Kaurna People - Territory

Territory

Kaurna territory extended from Cape Jervis at the bottom of the Fleurieu Peninsula to Port Wakefield on the eastern shore of Gulf St Vincent, and as far north as Crystal Brook in the Mid North. Tindale claimed clans were found living in the vicinity of Snowtown, Blyth, Hoyleton, Hamley Bridge, Clarendon, Gawler and Myponga. The stringy bark forests of the Mount Lofty Ranges have been claimed as a traditional boundary between Kaurna and Peramangk people. Tunkalilla Beach (keinari), 20 kilometres (12 mi) east of Cape Jervis, is the traditional boundary with the Ramindjeri.

This is the most widely cited alignment of Kaurna territorial boundaries.
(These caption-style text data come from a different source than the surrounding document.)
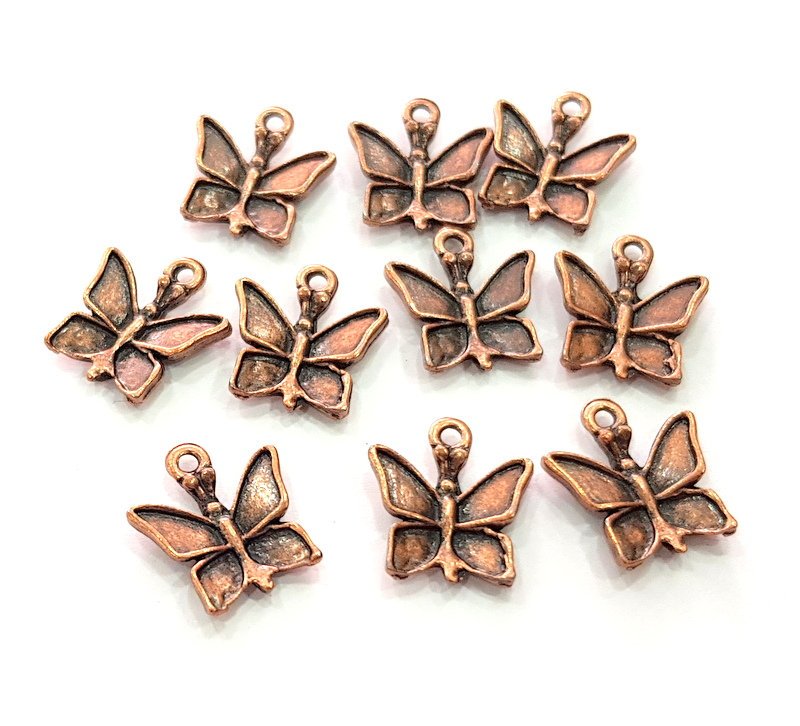 10 Butterfly Charm Antique Copper Charm Antique Copper Plated Metal (17x14mm) G13791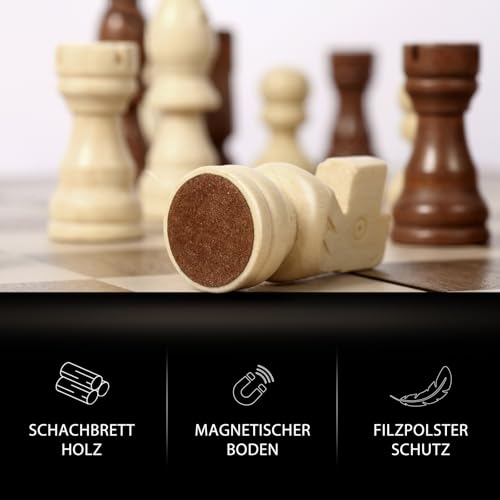 Sihaiyuan Schachspiel, Magnetisches Holz-Schachbrett, Schach- und Damespiel, Reiseschach für Erwachsene und Kinder, Klappbares Aufbewahrungsbrett (39×39 cm)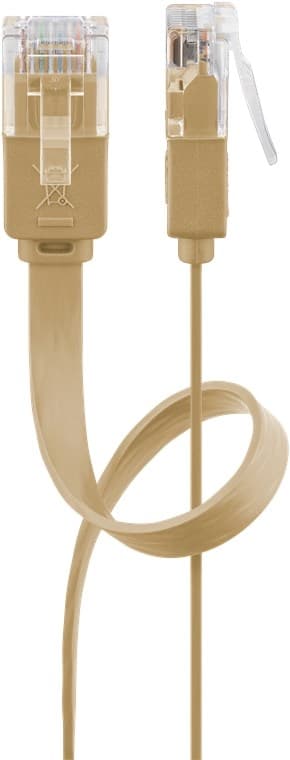 Goobay CAT 6 flat patchkabel, U/UTP, lysebrun kobberleder (CU), 3 m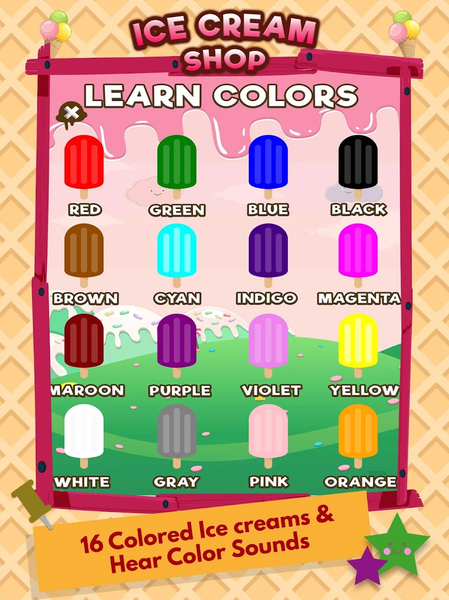 Learning Colors Ice Cream Shop - عکس بازی موبایلی اندروید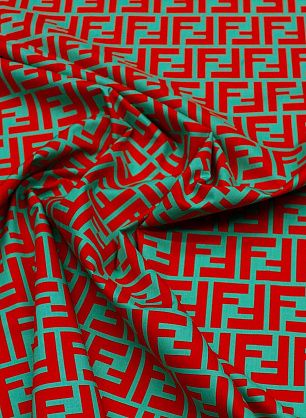 Сорочечная (н) оранжевый логотип на светло-зеленом - в интернет-магазине тканей Тессутидея арт. 01-7312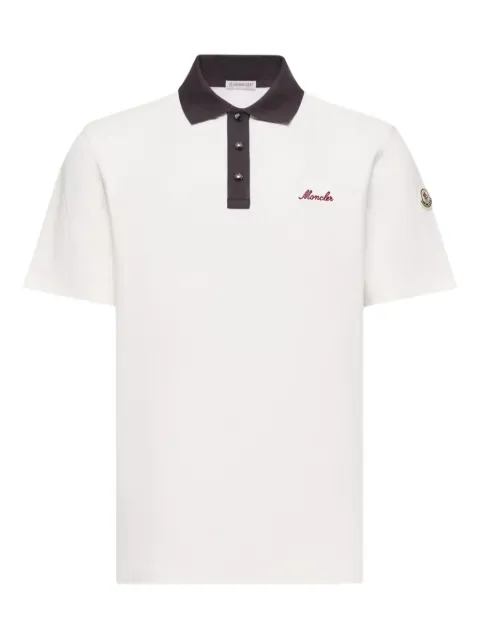 Moncler logo-embroidered piqué polo shirt White L10918A0000389A16
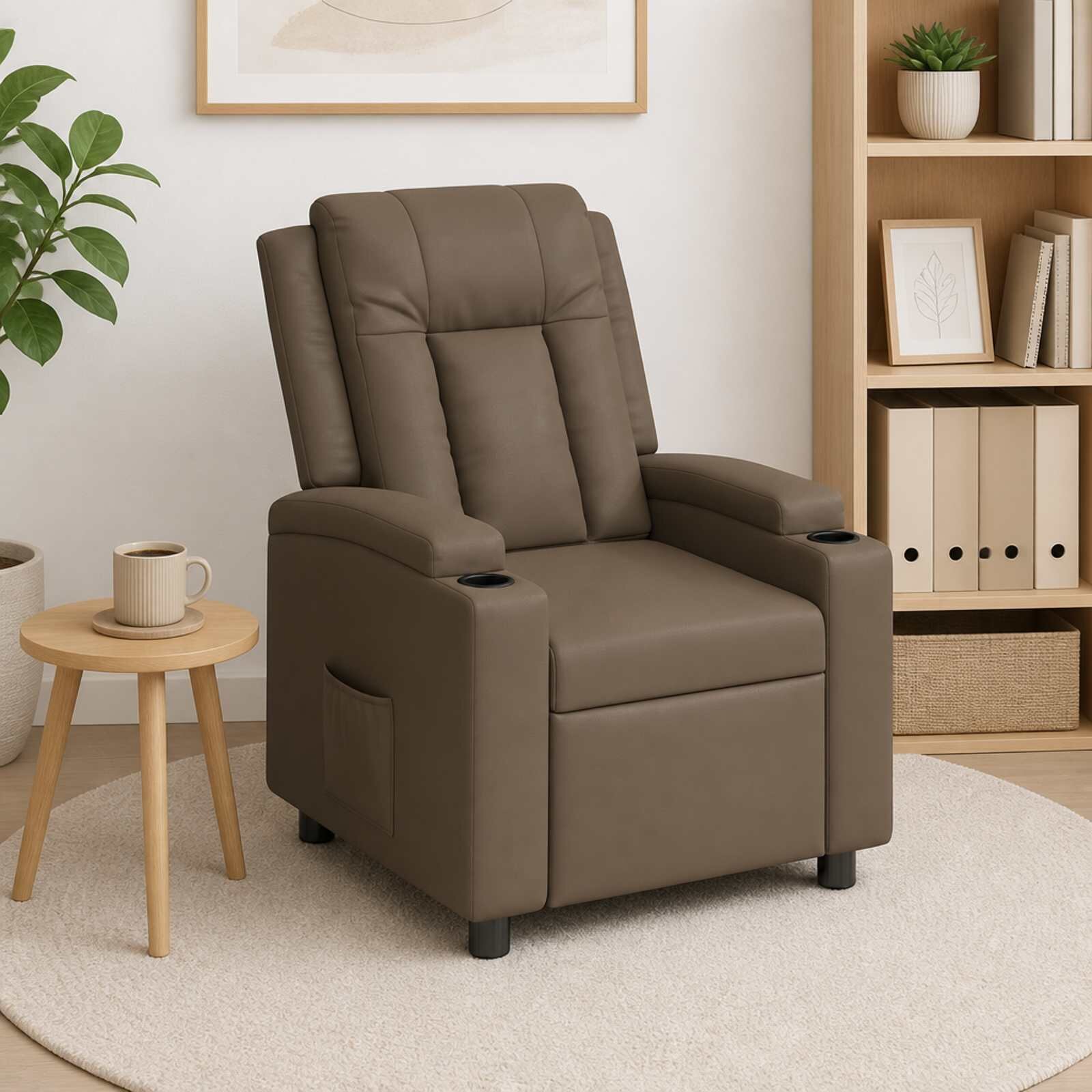 vidaXL Разтегателен стол Сиво 75 x 95 x 100 cm Текстил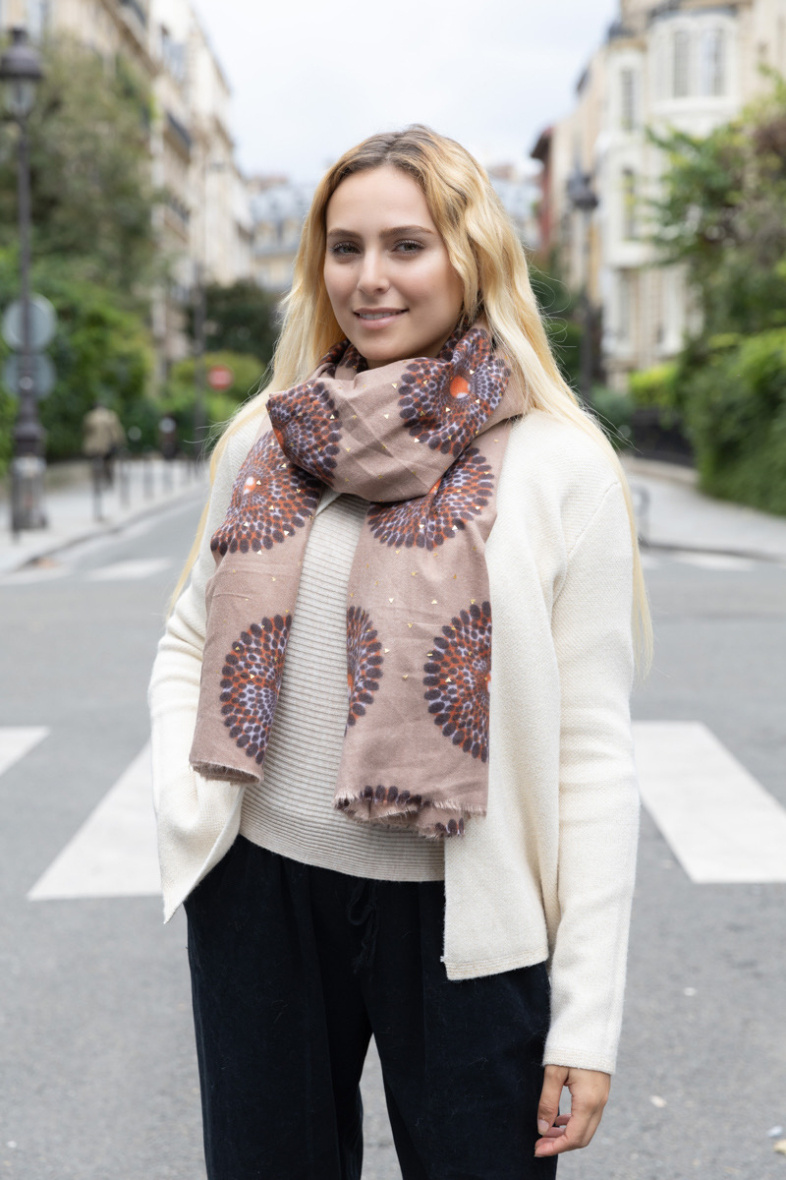 Wholesaler Sandy Paris - Scarf scarf printed with wool  180*65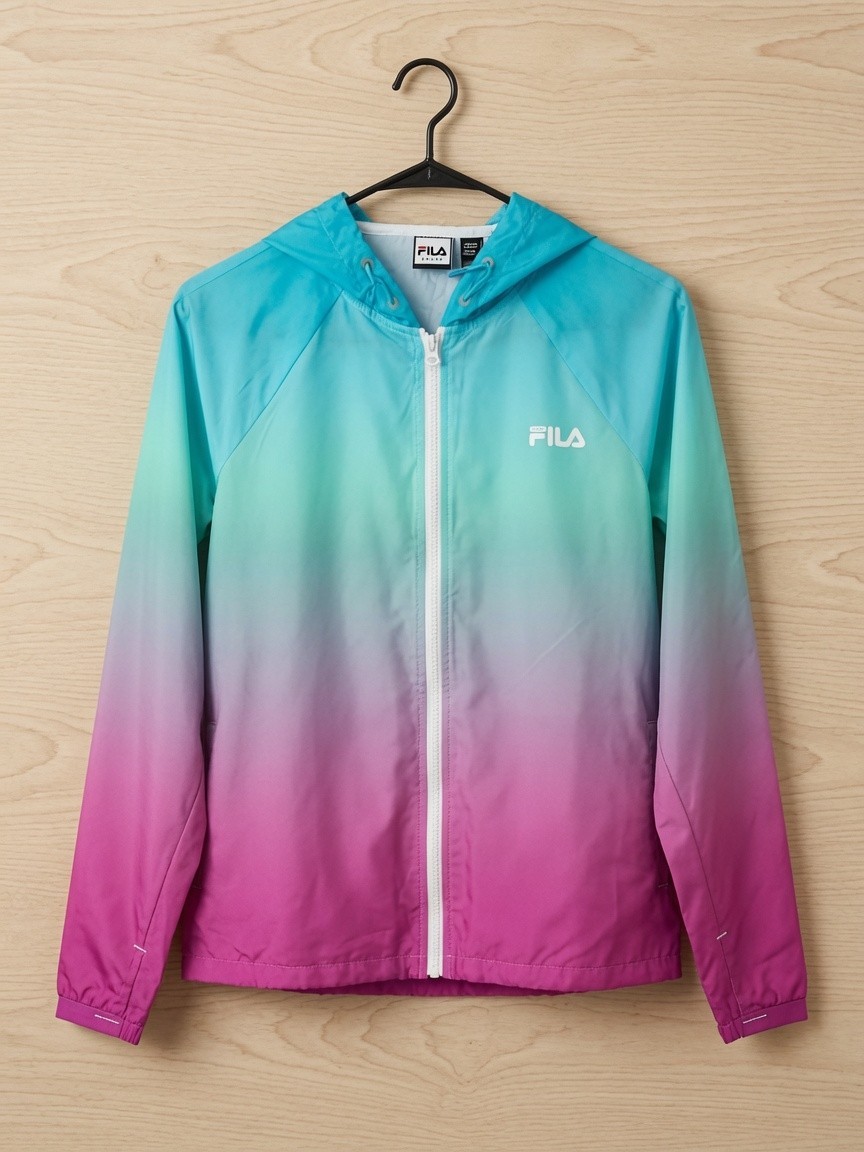 FILA Sport Womens XS Rainbow Ombre Windbreaker Jacket Y2K Zip Up Hooded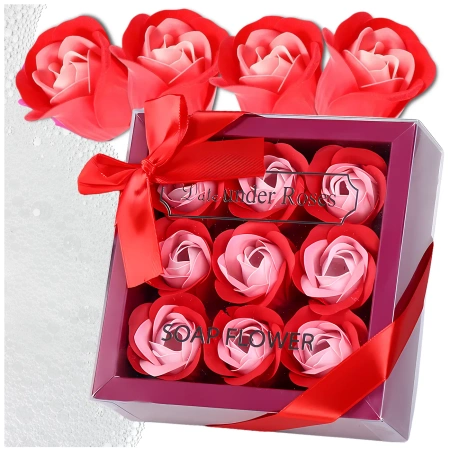 Trandafiri decorativi parfumati de sapun 9 buc. set cadou roșu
However the neighboring Ramindjeri tribe assert a historical territory including the whole southern portion of the Fleurieu Peninsula and Kangaroo Island, extending as far north as Noarlunga or even the River Torrens. This overlaps a significant portion of the territory claimed by both the Kaurna and the neighboring Ngarrindjeri to the east. However, linguistic evidence suggests that the aborigines encountered by Colonel Light at Rapid Bay in 1836 were Kaurna speakers. Ronald and Catherine Berndt's ethnographic study, which was conducted in the 1930s, identified six Ngarrindjeri clans occupying the coast from Cape Jervis to a few kilometres south of Adelaide. Berndt posits that the clans may have expanded along trade routes as the Kaurna were dispossessed by colonists.

A main Kaurna presence was in Tarndanyangga ("red kangaroo rock place") near the River Torrens and the creeks that flowed into it, an area which became the site of the Adelaide city centre. Kaurna also resided in the Burnside Suburb area; an early settler of the village of Beaumont described the local people thus:
At every creek and gully you would see their wurlies and their fires at night ... often as many as 500 to 600 would be camped in various places ... some behind the Botanic Gardens on the banks of the river; some toward the Ranges; some on the Waterfall Gully.